Sujet sensible, voire tabou, la mort est au centre de quelques longs métrages mémorables. Je songe notamment à "Harold et Maude" ou, plus près de nous, au superbe "Au revoir là haut".   En mettant en scène une entreprise de pompes funèbres, "Grand froid" et sa très belle distribution, prenait un risque : traiter de ce que deviennent les corps après leur trépas et de ceux qui en prennent soin n'était pas un sujet facile. Pour son premier film, Gérard Pautonnier a reçu un accueil public un peu frileux, malgré quelques bonnes critiques.

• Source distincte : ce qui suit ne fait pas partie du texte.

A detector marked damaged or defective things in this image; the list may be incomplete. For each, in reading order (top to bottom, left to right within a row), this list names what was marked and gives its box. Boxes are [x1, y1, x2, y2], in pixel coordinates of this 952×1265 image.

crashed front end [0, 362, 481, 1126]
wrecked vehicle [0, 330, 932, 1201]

L'entreprise de pompes funèbres d'Edmond Zweck périclite : ses deux employés ne seront pas payés ce mois-ci. Heureusement pour eux, ils se voient chargés d'emmener un défunt vers son dernier domicile, un cimetière perdu au milieu de nulle part. Voilà donc Georges et Eddy partis enterrer un mort, suivis par sa veuve, son frère et un prêtre énergique et impatient. Ils ne sont pas au bout de leurs peine et c'est un drôle de périple qui les attend. 

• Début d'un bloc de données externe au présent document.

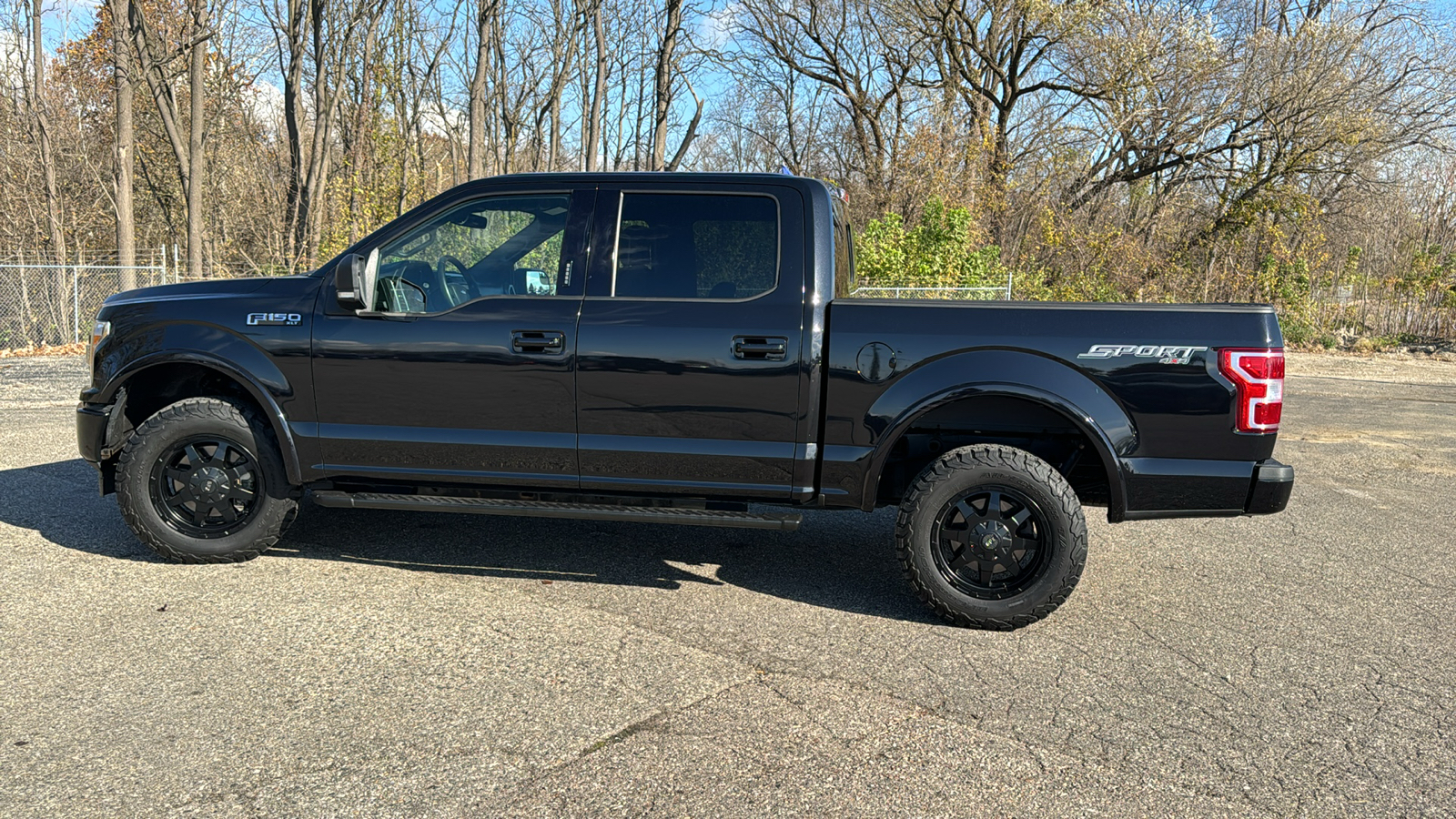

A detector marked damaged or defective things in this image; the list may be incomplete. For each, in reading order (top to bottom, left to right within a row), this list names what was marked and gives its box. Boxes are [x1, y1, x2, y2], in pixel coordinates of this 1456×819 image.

cracked asphalt [0, 352, 1450, 815]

Dès ses premières images, "Grand froid" donne le ton : c'est le froid qui domine (avec un titre pareil, c'est normal) et qui est omniprésent. Dans une bourgade sans doute coincée quelque part entre la Belgique et la Pologne (c'est vous dire l'exotisme), les personnages n'ont pour se tenir chaud que leur chaleur humaine. 

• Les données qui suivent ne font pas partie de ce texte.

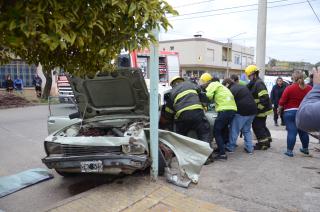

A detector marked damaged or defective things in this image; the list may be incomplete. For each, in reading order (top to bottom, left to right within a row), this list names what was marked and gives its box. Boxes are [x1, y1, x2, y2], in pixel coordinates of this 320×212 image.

crumpled hood [69, 69, 149, 120]
crashed car [40, 68, 215, 181]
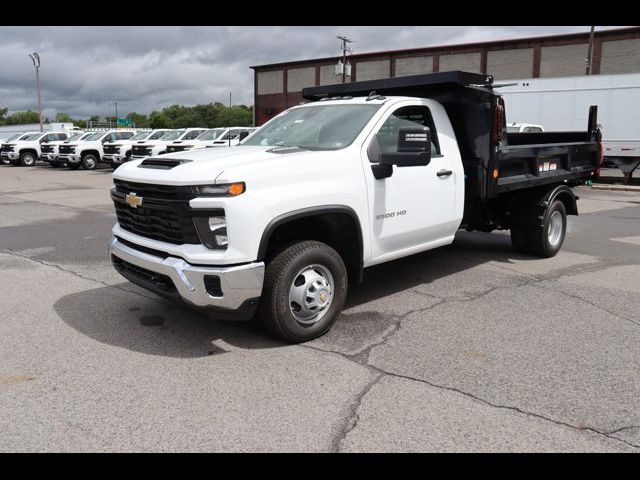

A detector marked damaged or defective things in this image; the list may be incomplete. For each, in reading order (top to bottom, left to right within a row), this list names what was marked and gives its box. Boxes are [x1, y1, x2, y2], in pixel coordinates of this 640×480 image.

cracked asphalt [1, 163, 640, 452]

C'est la meilleure qui soit. 

Que ce soit par ses décors ou sa mise en scène, "Grand froid" impose un style, très rapidement et plonge son spectateur dans une ambiance unique, ou presque. Porté par ses interprètes, le film acquiert rapidement une identité propre, en grande partie grâce à ses personnages, à la fois insolites et terriblement humains. C'est encore une fois grâce à ses acteurs, tous remarquables, qu'il s'agisse de l'indispensable Jean-Pierre Bacri, d'Arthur Dupont, d'Olivier Gourmet ou des seconds rôles, dont Sam Karman ou Wim Willaert, pour ne citer qu'eux. 

Cependant, après la mise en place de son univers macabre, Gérard Pautonnier peine à conclure l'affaire. Le scénario de "Grand froid" tourne souvent à vide, et l'humour dont il se réclame ne fonctionne pas toujours, désamorcé par des scènes plus lentes et parfois même dramatiques. On pense aux frères Coen, mais on regrette de ne pas trouver ici l'absurdité ou la causticité qui aurait fait de "Grand froid" une comédie noire et grinçante comme on peut les aimer.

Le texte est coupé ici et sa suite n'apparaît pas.